The primary goal of the new group was to pass the city bill, introduced in 1971, to add sexual orientation to the human rights law, a campaign that did not succeed until 1986 after more than 10 public hearings and defeats in committee. Santoro was the lead lesbian testifier at the March 11, 1986 public hearing the year the bill finally passed. She described being fired from three teaching positions because it was “rumored” that she was a lesbian, despite superior ratings, and finding garbage piled in front of the door of her apartment telling her to “get out of the neighborhood” as well as being “brutalized by three male owners of a hotel,” again because she was “thought” to be lesbian.

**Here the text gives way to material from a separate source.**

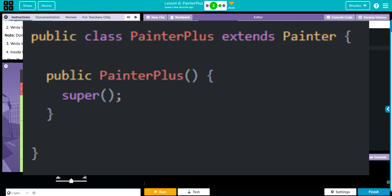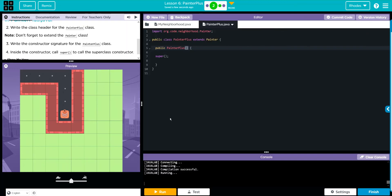Writing 'extends Painter' gives PainterPlus the ability to access all of Painter's information — that's why it's public. Then we write our own constructor signature with 'public PainterPlus'. 'Super' is used to call the parent class's variables, methods, and constructor. So to summarize: to inherit from a parent class, you must use 'extends' in the class header and 'super' in the constructor. Remember your parentheses and semicolons. Hopefully you found this lesson helpful — if you have questions come see me, otherwise see you in the next video!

With anger and determination, she told the City Council’s General Welfare Committee, “And it is both humiliating and degrading that we should have to stand here once again and try to convince anyone that we have suffered enough to deserve to be treated like human beings.” She added, “We can wait no longer for this bill to be passed. Our community is at its breaking point.” This was in the early years of the AIDS epidemic.

The bill passed 21-14 in the full Council and was signed into law by Mayor Ed Koch.

Santoro already had serious health problems by the time of her testimony and struggled with a variety of ailments. But she played a key role in the emergence of LGBT groups in Queens as well as the marriage equality fight.

Santoro was born Elizabeth Botta on April 26, 1938 in Brooklyn and grew up in Queens. Although she yearned to be a professional singer as a girl, she went to NYU to be a physical education teacher, serving at area high schools as well as at Nassau Community College and Queens College.

At a service in Forest Hills on Tuesday, her brother Joseph Botta was among several family members who lauded the way “she changed things in this country.” Her former partner and lifelong friend Linn “Jeff” Jeffries called her “the best listener who ever lived” who did everything with “passion.” Sean Cahill of the National Lesbian and Gay Task Force noted her key role in organizing the first March on Washington for LGBT rights in 1979. “Imagine, if that march hadn’t happened when the AIDS epidemic hit in 1981, how much worse it would have been.”

Dr. Joyce Hunter, also a spokeswoman for CLGR, said, “Today’s activists need to know that they are standing on the shoulders of lesbian activists like her.” Jesus Lebron worked with her in 1997 in Gay and Lesbian Advocates for Change stumping for Ruth Messinger, an ardent supporter of LGBT rights, when the Empire State Pride Agenda stayed neutral in the race against incumbent Mayor Rudy Giuliani. “Her spirit was intoxicating,” Lebron said.

Juanita Ramos, who worked with her in LFL, recalled with awe how Santoro was able at a demonstration to neutralize “some six-foot guy who was acting out.” Joy Kallio, also active with her from the early 1970s, noted that Betty first adopted the name Santoro because of her fear her activism could lead her to lose her teaching job. “When you have something you do that you love, it breaks your heart to lose it,” she said. “But she overcame her fear with a passion.”

My most vivid memory of Santoro will always be marching into a sea of thousands in Central Park’s Sheep’s Meadow in the mid-1970s at the end of a Pride march where all were cheering madly for one of the purest and strongest leaders we ever had, Betty Santoro. She died still looking forward to getting “old timers” in the movement together to bring it back to its grassroots origins.